No funny fishes here. Frown. |
I was genuinely excited that he'd have a some kind of home bar set up. I thought, where on earth did this guy get a bar? Did he inherit it? Did he win it on the Price is Right? Did he salvage it from a sidewalk sale? I pushed those questions aside and happily schlepped to his house with visions of exotic mixers dancing in my head.

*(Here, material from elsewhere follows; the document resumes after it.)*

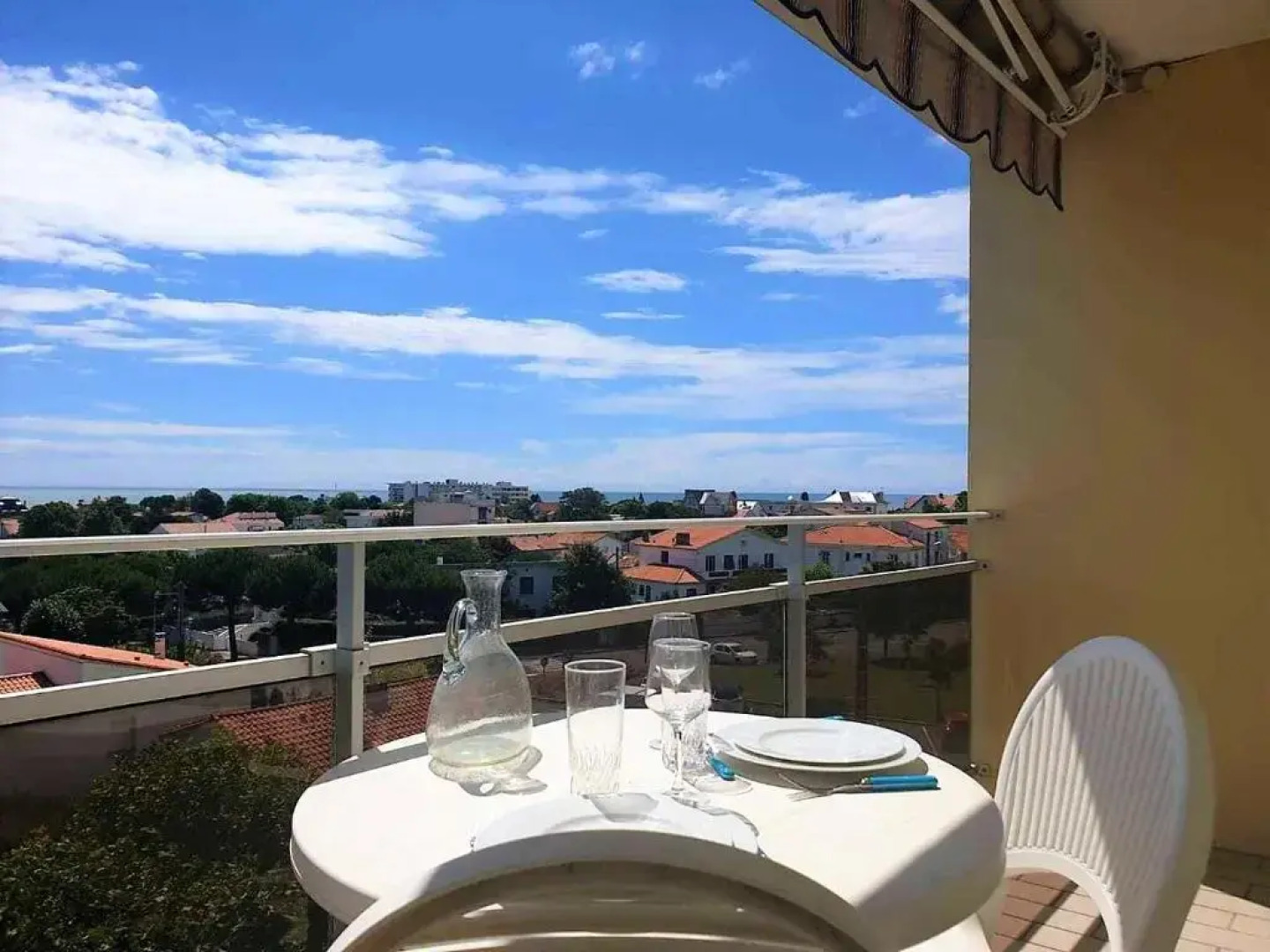 Royan - APPARTEMENT VUE MER - proximité plage et parking privatif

I hoped he would have something a cool uncle would have tucked into the corner of his den. I expected shticky barware and an array of shiny strainers and bottle openers. Maybe there'd be tiny umbrellas to perch on the rim. Maybe there'd be a wooden stool so I could cross my legs and flash him a smile while he shook out a few martinis. Maybe there'd be that novelty singing fish mounted on the wall like Tony Soprano had. Maybe there'd be a tikki cocktail mixer like Mrs. Robinson used in the Graduate. I couldn't wait to see it.
But, sadly, no. None of these things were present. My bar dreams were DASHED as soon as he opened the cabinet door under his sink: "Here it is!" he proclaimed boldly. My face couldn't hide my disappointment. WHAT A ROUSE!
"So, what's your poison? I can make whatever you want on the rocks. Haha." Yup, laugh it up. There weren't even any mixers! Sorry, but ice doesn't count as a mixer.
The only bar here is my bar for dating guys without a bar, and I refuse to lower it. His "bar" gets an F and we all know that spells BARF, which is frankly, what I wanna do when he asked if I wanted a drink from under his shitty sink.